What is needed
Could you repeat the whole listing below exactly, omitting any picture it holds?
*** Source material Section Begins ***
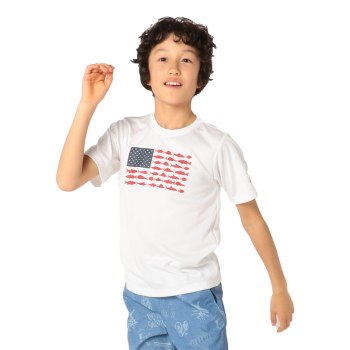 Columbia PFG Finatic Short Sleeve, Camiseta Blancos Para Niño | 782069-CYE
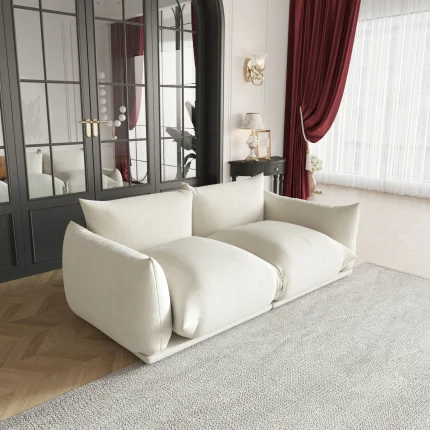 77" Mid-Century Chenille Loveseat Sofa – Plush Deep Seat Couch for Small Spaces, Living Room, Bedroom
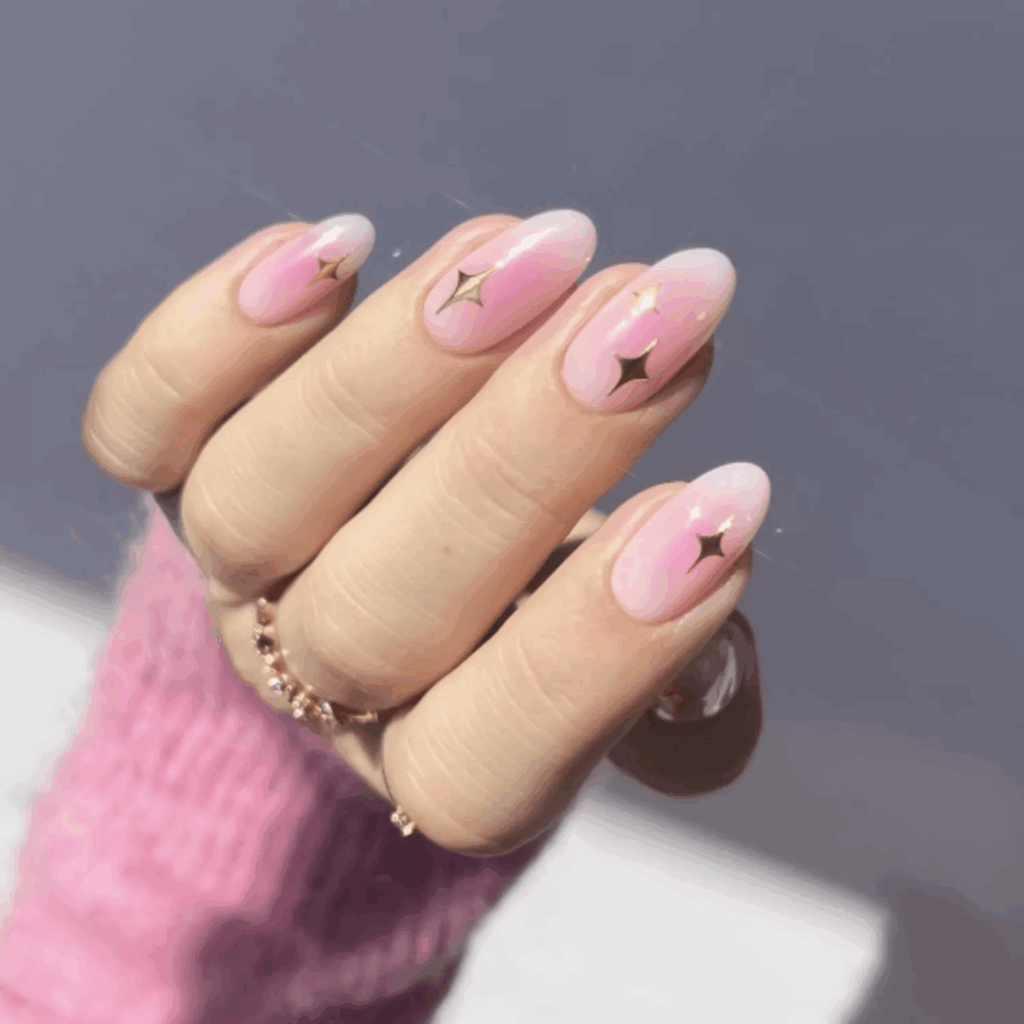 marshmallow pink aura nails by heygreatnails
*** Source material Section Ends ***
Output for this exercise
 Columbia PFG Finatic Short Sleeve, Camiseta Blancos Para Niño | 782069-CYE
 77" Mid-Century Chenille Loveseat Sofa – Plush Deep Seat Couch for Small Spaces, Living Room, Bedroom
 marshmallow pink aura nails by heygreatnails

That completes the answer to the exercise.